# My rally website is up!



## 89rallySentra (Jul 25, 2003)

Check it out, pics of the beater itself, the rally course in the backyard and a few other things.

www.mhpracing.cjb.net

BTW it's getting a paintjob this week, disreguard it's ugliness right now


----------



## sentrasel860 (Aug 6, 2003)

Thats really awesome! I plan to go to driving school, and get my rally license. The sentra looks nice! I also plan to use a classic sentra as my future rally car. Good luck!


----------



## Spelchy (Jun 24, 1987)

that's a really cool course you got there! I wish I had a back yard that big.. and an extra car. looks like a lot of fun


----------



## Felonious Cat Stalker (May 1, 2002)

Umm, can I come visit you?


----------



## 89rallySentra (Jul 25, 2003)

fcsmotorsports said:


> *Umm, can I come visit you? *


haha sure thing, it's not _too_ far!


----------



## 2SR20DE (May 17, 2003)

89rallySentra said:


> *Check it out, pics of the beater itself, the rally course in the backyard and a few other things.
> 
> www.mhpracing.cjb.net
> 
> BTW it's getting a paintjob this week, disreguard it's ugliness right now  *


Holy Crap!!! I'm not worthy!!! That's awesome! You rock. That's the coolest back yard I think I've ever seen! You guys have any little jumps? Are you suspensions not quite set up for that kind of load?
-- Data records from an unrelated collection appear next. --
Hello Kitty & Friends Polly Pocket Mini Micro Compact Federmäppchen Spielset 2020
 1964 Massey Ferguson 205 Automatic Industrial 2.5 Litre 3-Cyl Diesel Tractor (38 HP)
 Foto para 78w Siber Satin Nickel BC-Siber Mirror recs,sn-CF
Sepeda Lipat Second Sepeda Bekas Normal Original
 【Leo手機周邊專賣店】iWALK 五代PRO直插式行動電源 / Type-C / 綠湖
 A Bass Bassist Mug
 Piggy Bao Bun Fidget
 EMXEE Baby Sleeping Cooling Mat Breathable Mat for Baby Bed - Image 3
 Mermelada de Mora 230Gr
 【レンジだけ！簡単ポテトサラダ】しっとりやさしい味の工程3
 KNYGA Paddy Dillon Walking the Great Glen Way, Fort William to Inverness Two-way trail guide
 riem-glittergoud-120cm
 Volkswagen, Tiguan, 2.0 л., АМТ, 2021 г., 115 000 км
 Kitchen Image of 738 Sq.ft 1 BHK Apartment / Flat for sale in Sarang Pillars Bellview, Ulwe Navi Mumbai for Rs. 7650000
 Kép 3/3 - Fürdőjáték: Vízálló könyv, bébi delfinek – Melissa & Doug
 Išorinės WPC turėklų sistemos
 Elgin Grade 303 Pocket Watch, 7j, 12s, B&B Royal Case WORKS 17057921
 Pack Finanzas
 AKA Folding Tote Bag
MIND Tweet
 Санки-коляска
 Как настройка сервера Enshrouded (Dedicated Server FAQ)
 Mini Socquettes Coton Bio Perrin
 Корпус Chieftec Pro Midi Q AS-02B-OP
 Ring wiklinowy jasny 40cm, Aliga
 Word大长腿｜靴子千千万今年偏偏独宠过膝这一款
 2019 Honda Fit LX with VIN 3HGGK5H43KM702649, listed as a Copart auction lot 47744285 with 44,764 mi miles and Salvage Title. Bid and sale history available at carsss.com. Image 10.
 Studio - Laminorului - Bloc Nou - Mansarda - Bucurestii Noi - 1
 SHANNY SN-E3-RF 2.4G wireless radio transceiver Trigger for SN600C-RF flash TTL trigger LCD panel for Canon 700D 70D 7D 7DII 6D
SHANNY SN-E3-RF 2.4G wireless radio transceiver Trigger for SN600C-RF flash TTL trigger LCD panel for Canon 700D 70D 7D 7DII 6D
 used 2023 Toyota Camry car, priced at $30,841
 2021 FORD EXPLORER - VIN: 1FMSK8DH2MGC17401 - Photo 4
If not I don't care you guys are still awesome and that looks like hella FUN!


----------



## Rama (Mar 8, 2003)

must own big backyard


----------



## niky (Jul 20, 2002)

nice stuff... i wish i had a car to beat around like that...


----------



## mtcookson (Jul 16, 2003)

dangit... you're in indiana? where at? i used to live in bloomington. that would have been awesome to rally on.


----------



## SR20 Who Knew? (Jul 29, 2003)

You're one lucky mofo!!
That track is crazy!!
Can I come over and play?


----------